发布日期: 2025-02-08

更新日期: 2025-05-14

文章字数: 5.1k

阅读时长: 20 分

阅读次数:

⚠️ 以下所有内容总结都来自于大语言模型的能力，如有错误，仅供参考，谨慎使用
🔴 请注意：千万不要用于严肃的学术场景，只能用于论文阅读前的初筛！
💗 如果您觉得我们的项目对您有帮助 ChatPaperFree ，还请您给我们一些鼓励！⭐️ HuggingFace免费体验

2025-02-08 更新

Llasa: Scaling Train-Time and Inference-Time Compute for Llama-based Speech Synthesis

Authors:Zhen Ye, Xinfa Zhu, Chi-Min Chan, Xinsheng Wang, Xu Tan, Jiahe Lei, Yi Peng, Haohe Liu, Yizhu Jin, Zheqi DAI, Hongzhan Lin, Jianyi Chen, Xingjian Du, Liumeng Xue, Yunlin Chen, Zhifei Li, Lei Xie, Qiuqiang Kong, Yike Guo, Wei Xue

Recent advances in text-based large language models (LLMs), particularly in the GPT series and the o1 model, have demonstrated the effectiveness of scaling both training-time and inference-time compute.
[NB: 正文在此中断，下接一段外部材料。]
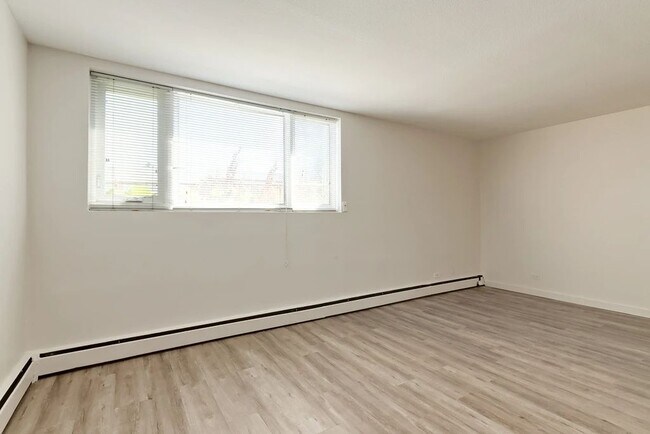 Photo - Dorchester Apartments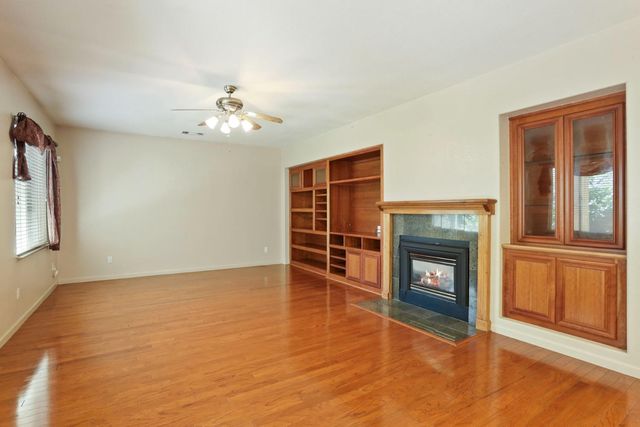 624 Summerton Ln, Turlock, CA 95382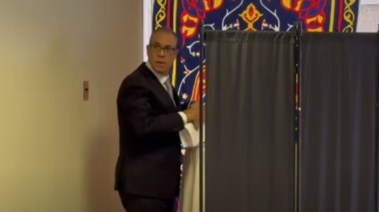 وزير الخارجية يدلي بصوته في انتخابات الشيوخ من واشنطن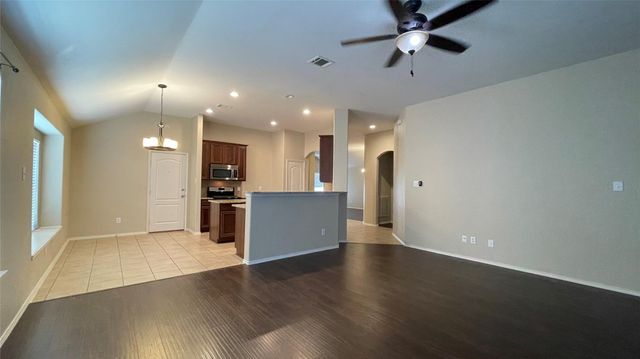 8131 Tierra Del Sol Road, Arlington, TX 76002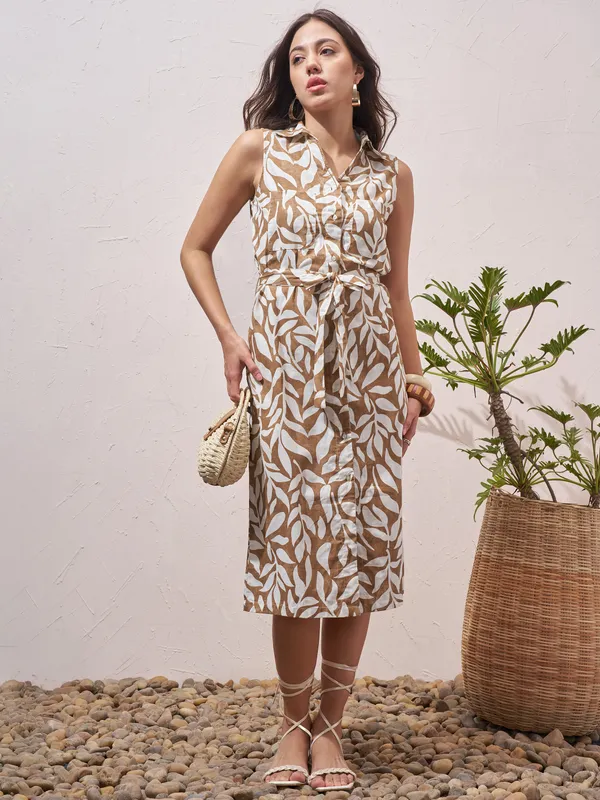 Vara By Vishudh Women Brown Printed Sheath Dress
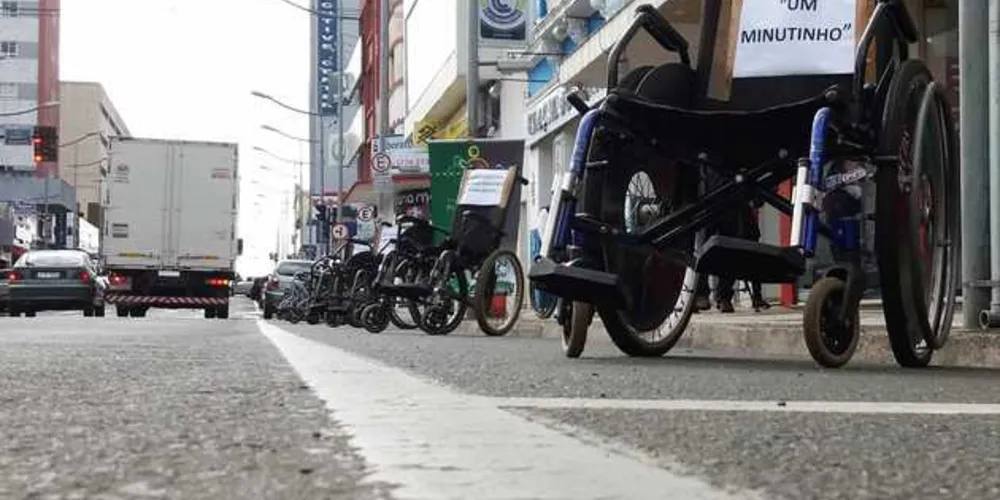 Imagem ilustrativa da imagem AMTT realiza ação educativa no centro de PG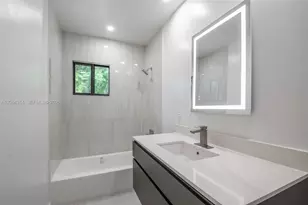 25 NW 78th St, Miami, FL 33150 - Photo 8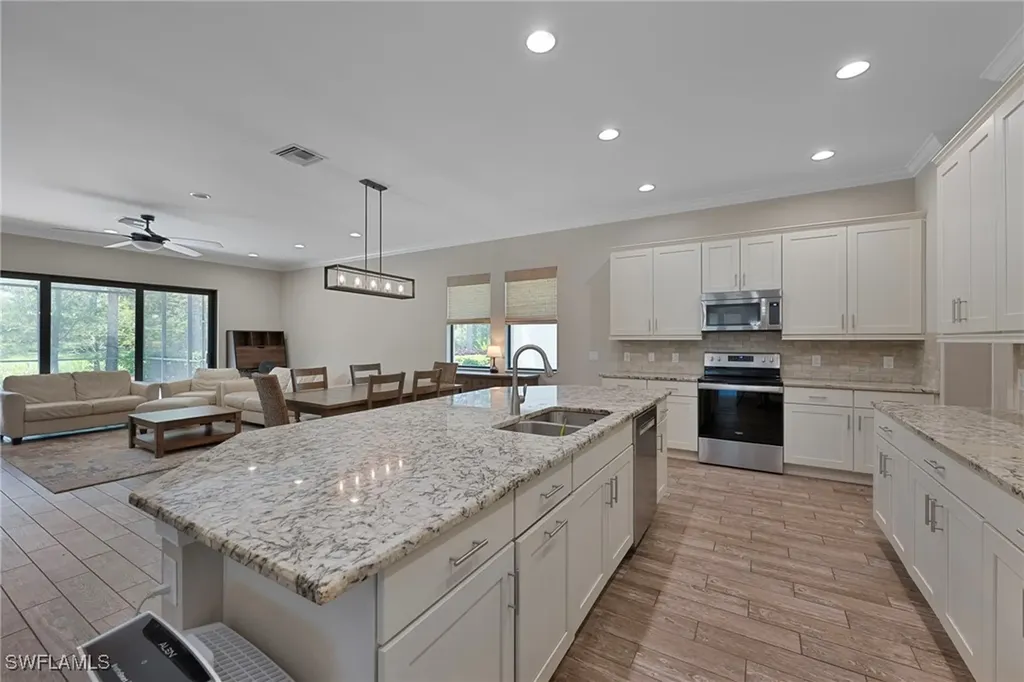 4072 Raffia Drive Naples FL 34119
However, current state-of-the-art TTS systems leveraging LLMs are often multi-stage, requiring separate models (e.g., diffusion models after LLM), complicating the decision of whether to scale a particular model during training or testing. This work makes the following contributions: First, we explore the scaling of train-time and inference-time compute for speech synthesis. Second, we propose a simple framework Llasa for speech synthesis that employs a single-layer vector quantizer (VQ) codec and a single Transformer architecture to fully align with standard LLMs such as Llama. Our experiments reveal that scaling train-time compute for Llasa consistently improves the naturalness of synthesized speech and enables the generation of more complex and accurate prosody patterns. Furthermore, from the perspective of scaling inference-time compute, we employ speech understanding models as verifiers during the search, finding that scaling inference-time compute shifts the sampling modes toward the preferences of specific verifiers, thereby improving emotional expressiveness, timbre consistency, and content accuracy. In addition, we released the checkpoint and training code for our TTS model (1B, 3B, 8B) and codec model publicly available.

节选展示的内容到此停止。